By Diet.--Drink well before starting, and make a habit of drinking only at long intervals, and then, plenty at a time.

On giving Water to Persons nearly dead from Thirst.--Give a little at a time, let them take it in spoonfuls; for the large draughts that their disordered instincts suggest, disarrange the weakened stomach: they do serious harm, and no corresponding good. Keep the whole body wet.

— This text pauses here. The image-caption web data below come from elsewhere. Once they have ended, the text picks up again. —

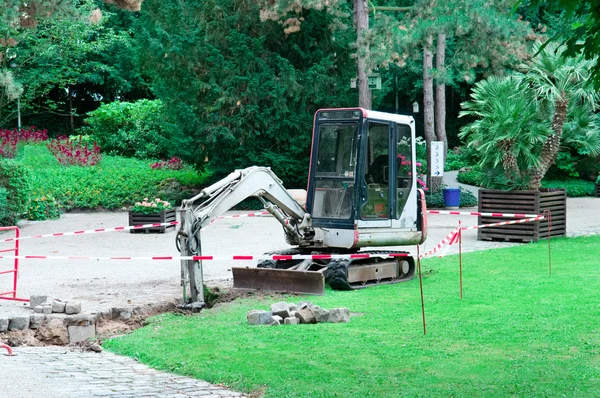 Liten grävmaskin arbetar i parken — Stockfoto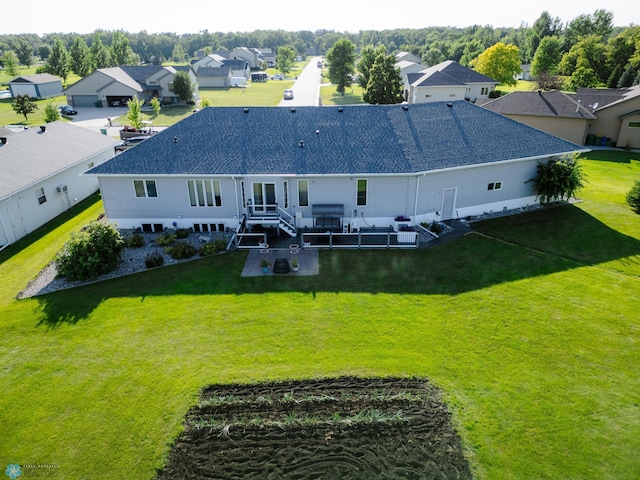 rear view of house with roof with shingles, a lawn, and a residential view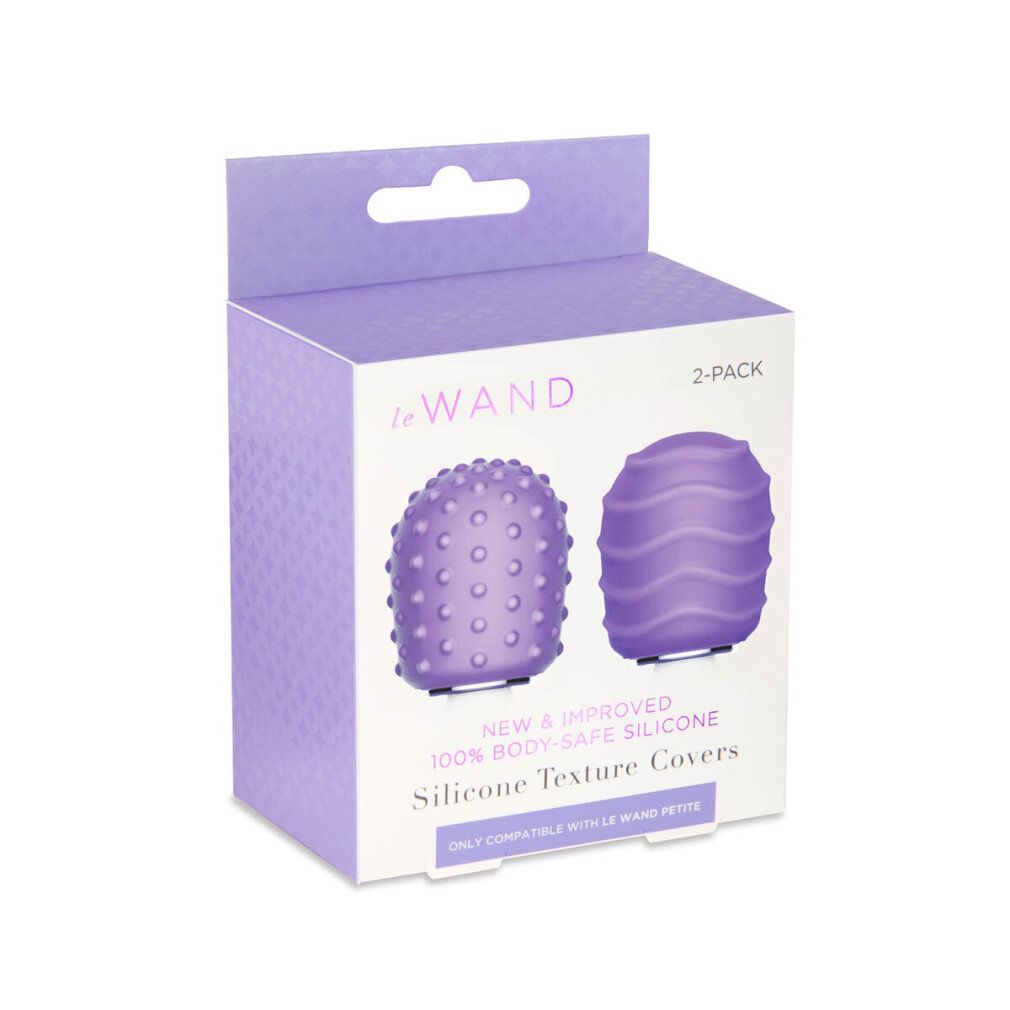 Verpackung mit zwei lilafarbenen Aufsätzen. Aufschrift: Le Wand, 2-Pack, NEW & IMPROVED, 100% BODY-SAFE SILICONE, Silicone Texture Covers.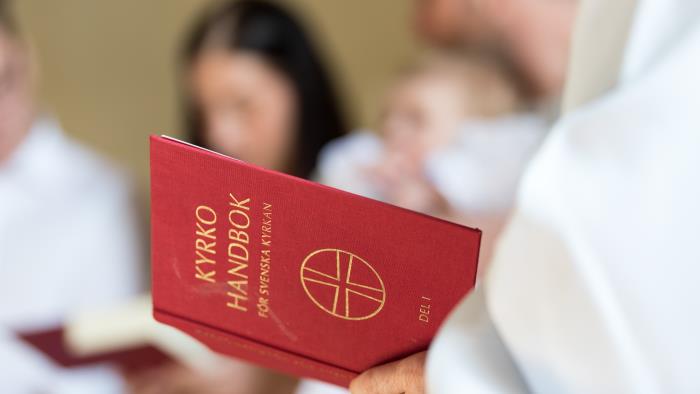 En vitklädd person håller i en kyrkohandbok.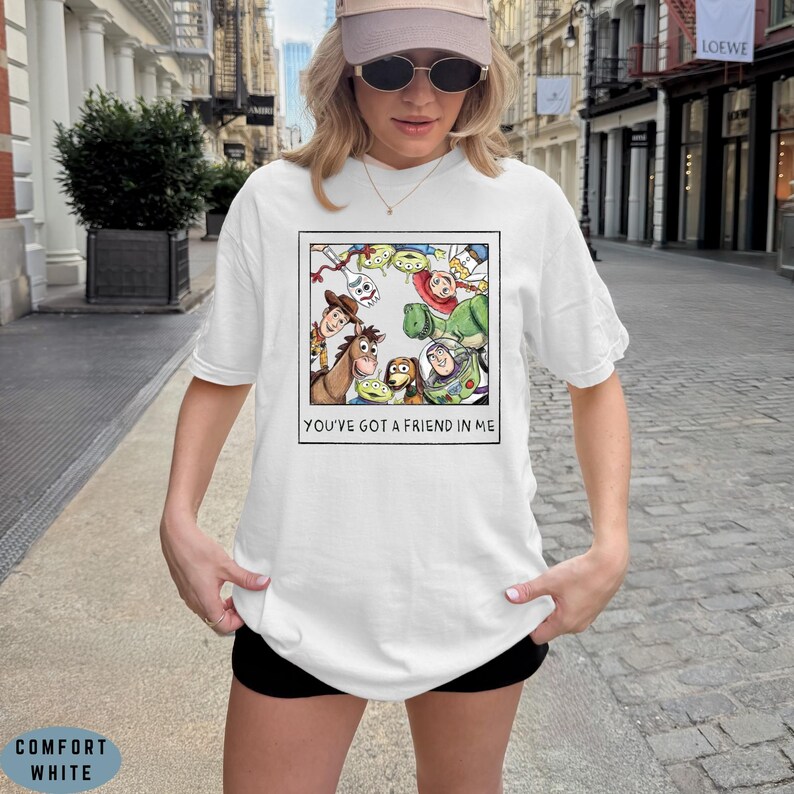 May include: A white short-sleeve t-shirt featuring a graphic print of a square polaroid-style frame containing various animated toy characters. Below the illustration, the text reads YOU'VE GOT A FRIEND IN ME in a simple black sans-serif font.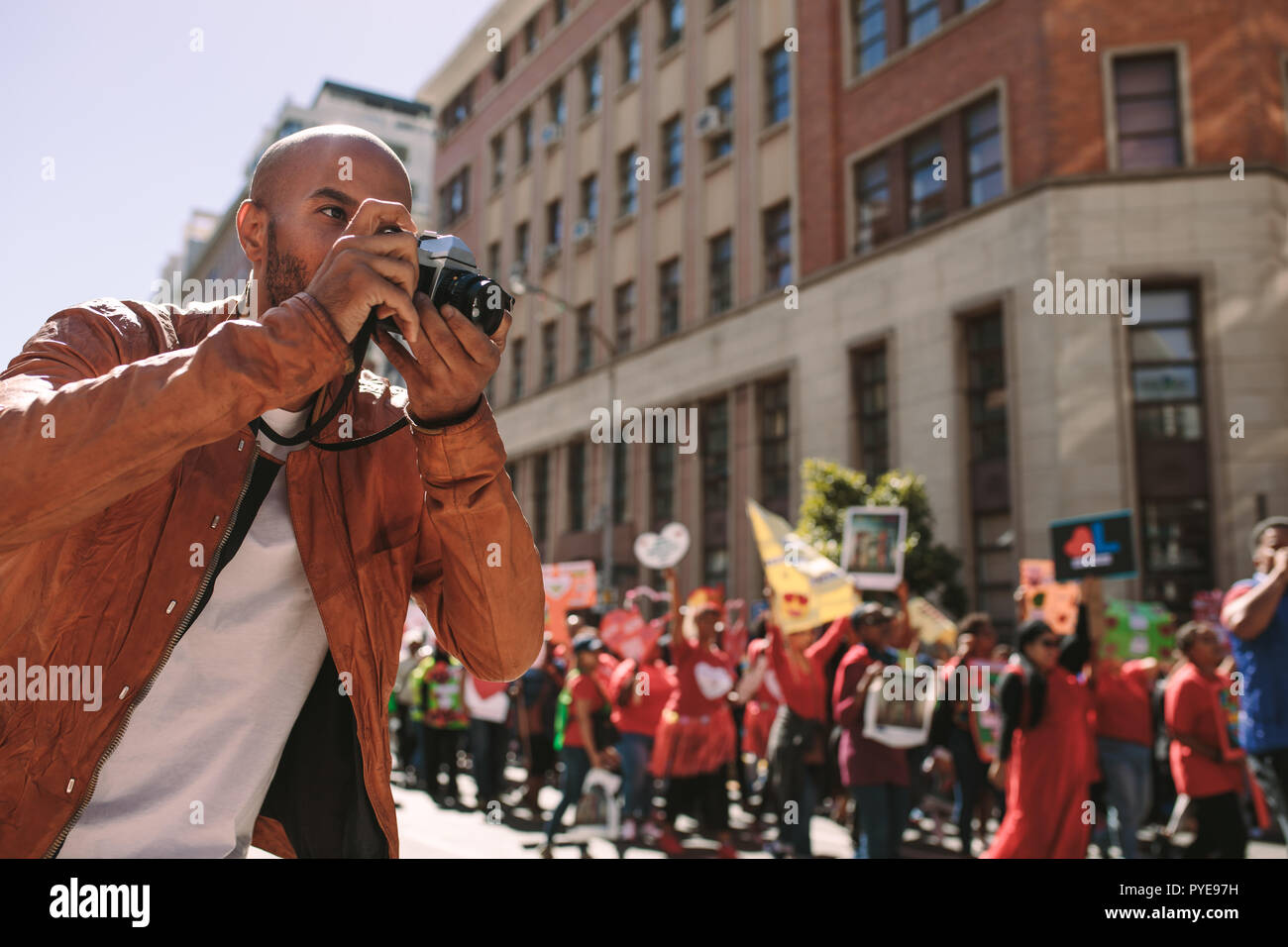 Giovane fotografo prende le immagini degli attivisti holding con segni di slogan. L'uomo prendendo fotografie di un rally su strada della citta'. Foto Stock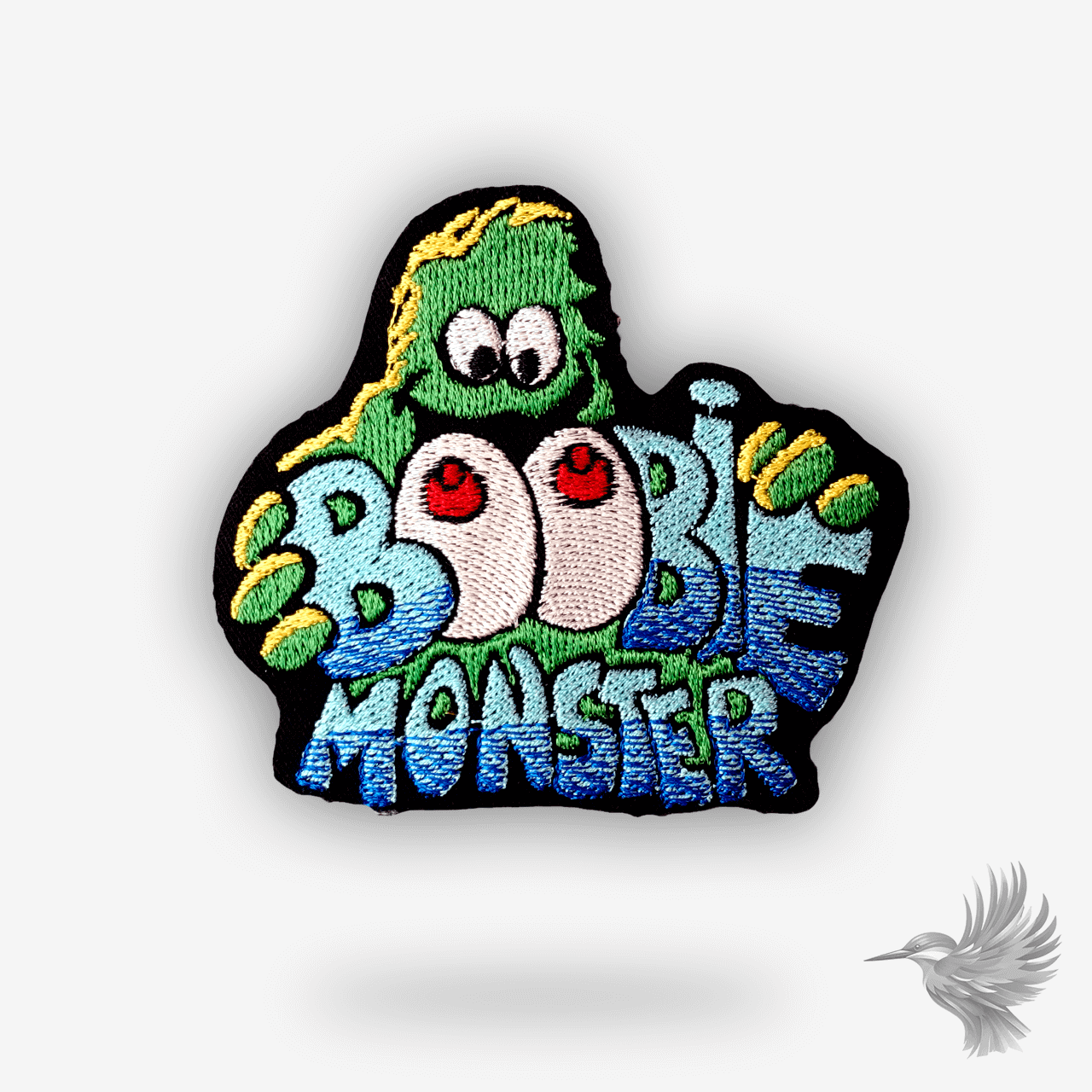 Broderet patch med farverigt monster og teksten “Boobie Monster” – humoristisk design med bryster i cartoon-stil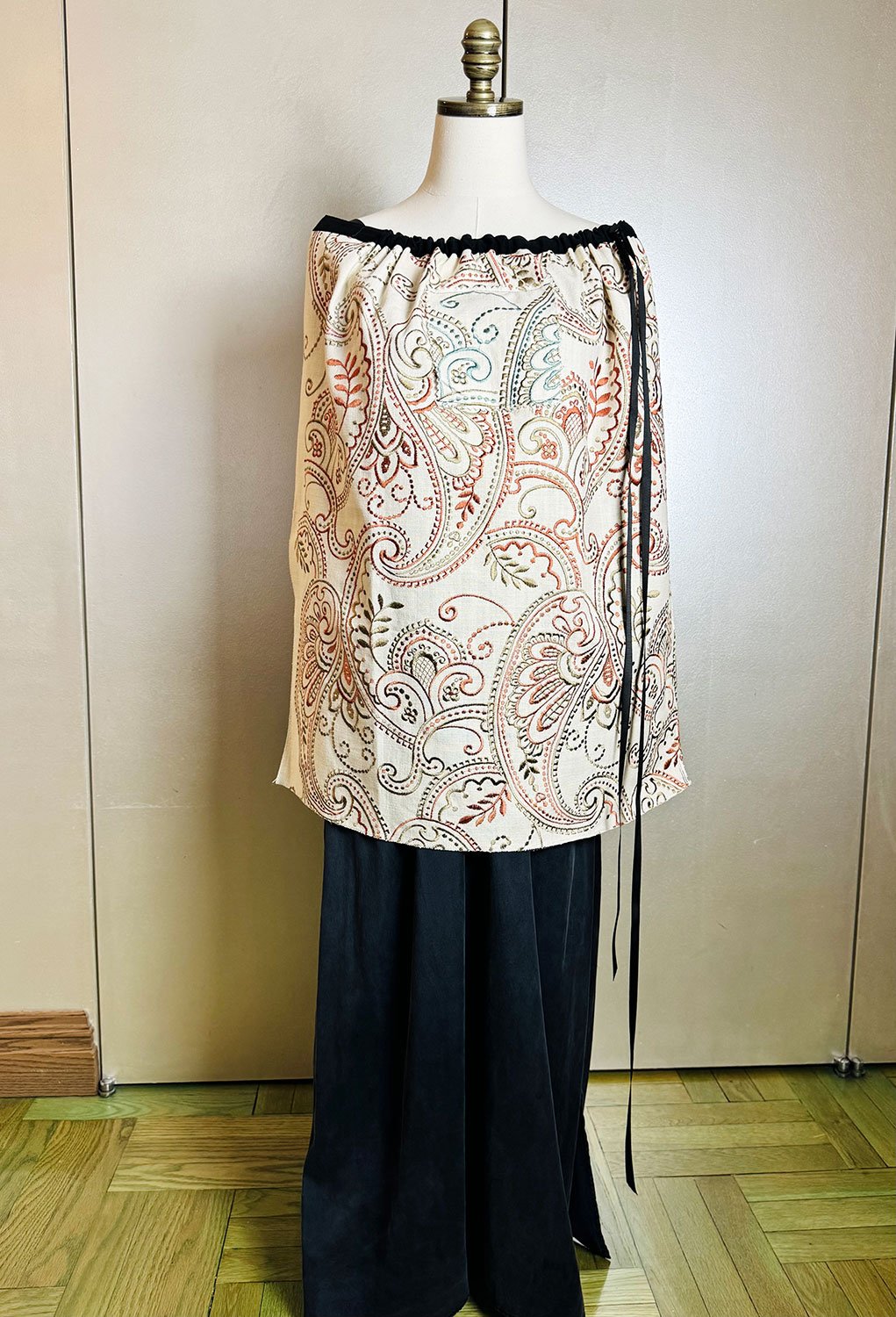 Piper overskirt on mannequin shown as cape with hoodie pocket and ribbon bow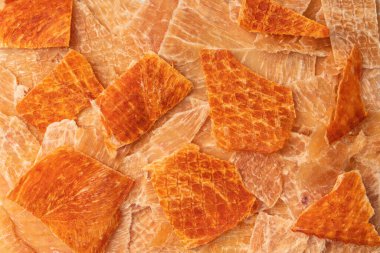 A group of tasty beer snacks. Dehydrated chicken meat slices.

Small Water Vessels.--General Remarks on Carrying Water.--People drink excessively in hot dry climates, as the evaporation from the skin is enormous, and must be counterbalanced. Under these circumstances the daily ration of a European is at least two quarts. To make an exploring expedition in such countries efficient, there should be means of carrying at least one gallon of water for each white man; and in unknown lands this quantity should be carried on from every watering-place, so long as means can possibly be obtained for carrying it, and should be served out thus:--two quarts on the first day, in addition to whatever private store the men may have chosen to carry for themselves; a quart and a half during the second day; and half a quart on the morning of the third, which will carry them through that day without distress. Besides water-vessels sufficient for carrying what I have mentioned, there ought to be others for the purpose of leaving water buried in the ground, as a store for the return of a reconnoitring expedition; also each man should be furnished with a small water-vessel of some kind or other for his own use, and should be made to take care of it.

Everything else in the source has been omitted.